The liberal international order is essentially the global security framework that was established after the end of the Second World War. There are many different aspects that make up the order, but the dominance of the American military and its commitment to the security of its allies is the cornerstone of this system (NATO is a prime example of this). These allies, emboldened by the protection that the United States offers, are then encouraged to spend less on military power and more on social welfare programs to help create open, more democratic societies. This encouragement for liberal democracies which prioritize open borders and free trade is another major aspect of the liberal international order (though there are some obvious autocratic exceptions). Finally, the resolution of conflicts via international institutions is another fundamental factor of the order. This includes international forums like the United Nations and the global encouragement of nonviolent means to solve transnational disputes.
So how does the rise of populism seem to threaten this order? The answers to this can almost all be found within the presidential campaign of Donald Trump. All along the campaign trail (and even after it), Trump seemed to constantly undermine the assumptions of the liberal international order. He dismissed the importance of NATO and openly questioned America's fundamental alliances. He and his supporters have also been highly critical of the phenomenon of globalization brought on by the order. The campaign was well known for proposing closed borders and stoking the fires of racially based nationalism (whether intentionally or unintentionally). This isn't to say that the Trump campaign and presidency is against the liberal international order, just that he managed to tap into growing disillusionment with the downsides of leading the system.
In addition to populism, the rise of other great powers could potentially challenge the global security framework created by the United States and its European allies. Russia will continue to expand its influence throughout eastern Europe and the Middle East. China will continue to expand its influence in the Pacific and in the surrounding seas (as it has already done in the South China Sea). But this doesn't necessarily spell the end of the liberal international order. This system was in place during the Cold War when the Soviet Union maintained a nearly equal status with the United States, so it is clear that this system does not necessarily need the cooperation of all great powers to exist.
The problem is that this "rise of the rest" comes just as the United States has decided to decrease its support for multilateral global institutions and pull back from its obligations as leader of the liberal international system. The key to global stability is allowing Russia, China, and others to expand and grow WITHIN the broad parameters of the existing global order, not opening the door for these powers to create their own competing orders (such as global communism or a system which only recognizes military domination as legitimate).
Still, the main threat to the global order comes not from without, but from within. Many Americans (and populists worldwide) no longer view the liberal order with the same sense of reverence as before. They sometimes take for granted the stability, prosperity, and general freedom of movement that comes with an open world order. Instead, they are focusing on the negatives of globalization which sometimes disproportionately impact the main guarantors of the world order.
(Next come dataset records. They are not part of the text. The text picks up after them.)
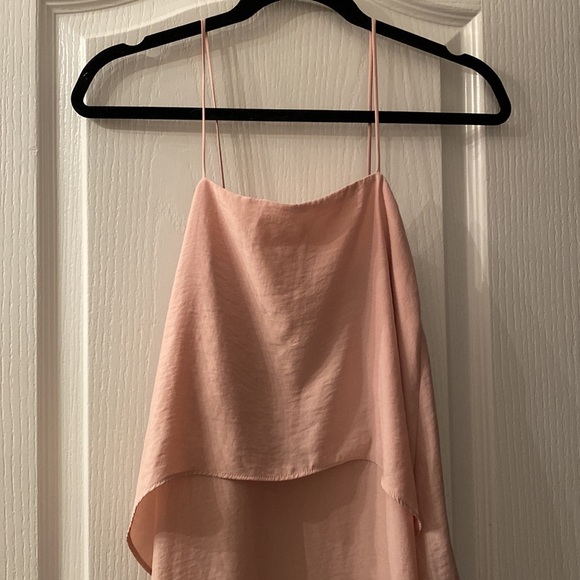 Banana Square Neck Spaghetti Strap Light Blush Pink Feminine Romantic MIDI Dress - Picture 5 of 9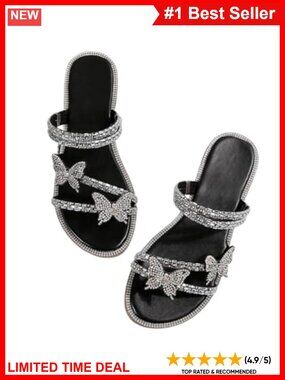 Rhinestone Butterfly Flat Sandals Open Toe Ankle Strap Slip On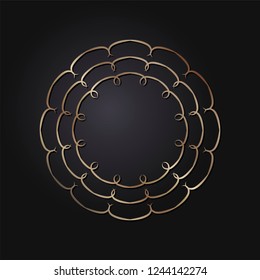 Decorative round frame for design with abstract floral ornament. Circle frame. Template for printing cards, invitations, books, for textiles, engraving, wooden furniture, forging. Vector.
Fortunately, even American retrenchment away from the global order won't necessarily spell the end of the liberal international system. Global financial and social interdependence (economic peace theory and democratic peace theory respectively) are among the strongest forces preventing global war (since the costs of ending the whole system far outweigh the potential benefits). The United States also remains far and away the global military superpower. As powerful as Russia and China are, they still come nowhere close to American military supremacy in a global sense. And even as concerning as the Trump election has been, his cabinet picks of General Mattis for Secretary of Defense and Rex Tillerson for Secretary of State all seem to bode well for America's continued commitment to the order.
But the problems of globalization brought on by the liberal international order are real. So this isn't to say that America should assume it is doing everything right in its role on the world stage. Still, voluntarily relinquishing our position as the global hegemon by abolishing free trade or ending the NATO alliance is dangerous and short sighted. It might not hurt America right away, but it certainly increases the risk of instability abroad. And as we have seen from two previous world wars, the problems of Europe, Asia, and the Middle East always come back to involve the United States.